Dawniej Niedziela Palmowa nazywana była także Niedzielą Kwietną, bądź Wierzbną. W tym dniu święcono palmy, które dla chrześcijan, mają szczególne znaczenie – symbolizują odradzające się życie. Wykonywanie palm ma bardzo długą i bogatą tradycję.
– Pochodzimy ze wsi Wojnowice, jako seniorki chciałyśmy podtrzymać tradycje, jakie były w naszym regionie i przekazać je młodemu pokoleniu. Robimy to w różny sposób i na różne okazje. Na Święta Wielkanocne, na Boże Narodzenie, na Dzień Niepodległości etc. Chciałybyśmy, aby te tradycje wielkanocne nie umarły i były wciąż żywe wśród przyszłych pokoleń. Zwyczaj robienia palm pochodzi z czasów słowiańskich, wtedy nazywało się to wiecha – tłumaczy Elżbieta Gawrońska.
Ich tworzeniem zajmowali się młodzieńcy. Wiechy były przygotowane do wiosennych igrzysk, a dla młodzieńców przystępujących do robienia wielu wiech była to forma inicjacji, ponieważ musieli wykazać się okazją, szukając w lesie drzewa, zwykle nocą. Musieli wiedzieć, które drzewo nadaje się na wiechę.
– Ten, który zrobił największą wiechę, niósł ją na przedzie pochodu wokół swojej wioski. Gdy ta wiecha była najbardziej okazała, świadczyło to o tym, że już dojrzał do założenia własnej rodziny i prowadzenia gospodarstwa. Czasy chrześcijańskie zmodyfikowało wiechę i jej znaczenie. Choć wiara w magiczną moc, poświęconej w kościele palmy, długo się utrzymywała i chyba długo się utrzymuje – dodaje przewodnicząca KGW Wojnowice.
W czasach średniowiecza gospodarz brał witki wierzby wieczorem, w Wielki Czwartek robił z nich krzyże, aby w Wielki Piątek z samego rana pójść na pole i wetknąć je w zaoraną ziemię. Miało to przynieść urodzaj i chronić uprawy przed klęskami.
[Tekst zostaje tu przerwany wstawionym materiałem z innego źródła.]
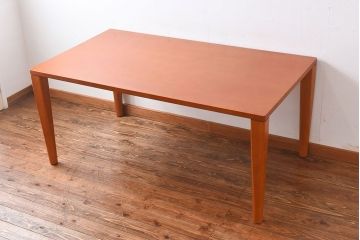 中古　arflex(アルフレックス)　NS2F　ダイニングテーブル(4人用)(定価約25万円)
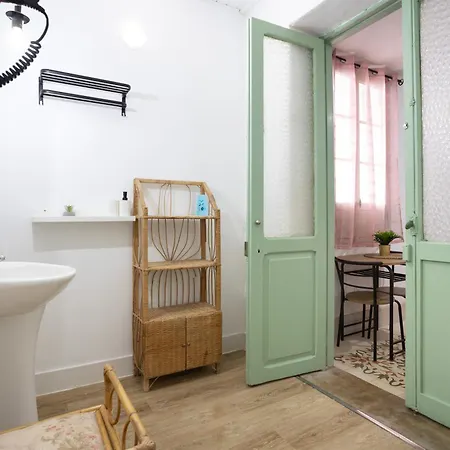Gar House By Bed & Breakfast 3*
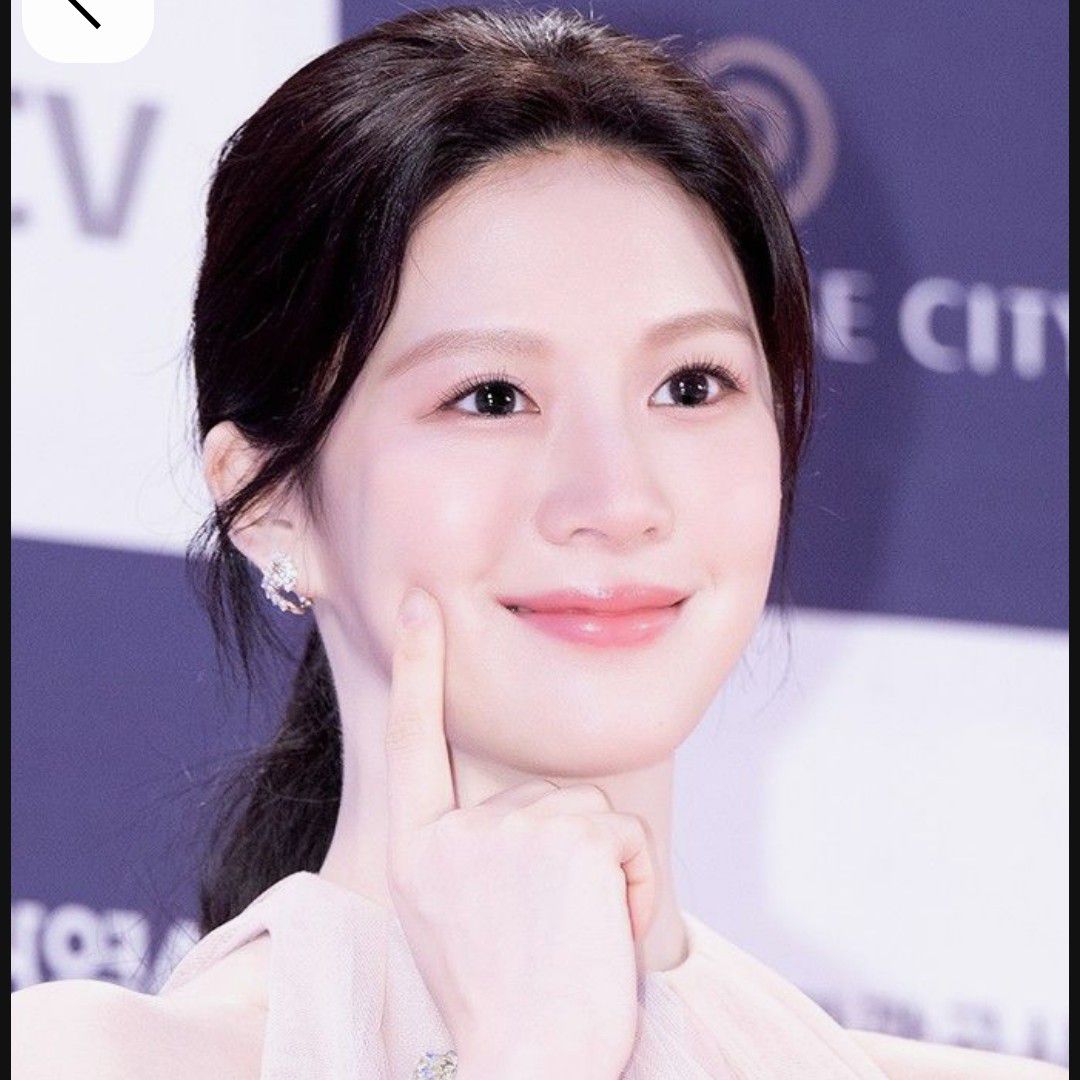 高允貞的近期活動照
– Poza tym, poświęconą palmą skrapiano dom, gładzono nią domowników, a także zwierzęta, jak krowy, owce, kreśląc nad ich głowami znak krzyża. Wyprowadzane na pierwszy wypas zwierzęta, obowiązkowo musiały być uderzone poświęconą palmą, a miało to zapewnić zdrowie, aby dawały więcej mleka i odpędzić złe moce. Wierzbowe kotki gospodarz mieszał też z ziarnem siewnym, po czym podkładał je pod pierwszą skibę zaoranej ziemi. Rybacy wplątywali wierzbowe gałązki w sieci, aby ich połowy zawsze były obfite. Bartnicy wkładali gałązki do ula, wierząc, że zapewni im to dobry zbiór miodu – wylicza Elżbieta Gawrońska.
Dawniej obowiązkowo jedzono bazie z palm. Miało to zapewnić zdrowie, zapobiegając chorobom gardła i bólom głowy. Poświęconą palmą należało także skropić izbę i „smagnąć” nią domowników, a potem wkładano ją za obraz, aby strzegła domu i jego mieszkańców.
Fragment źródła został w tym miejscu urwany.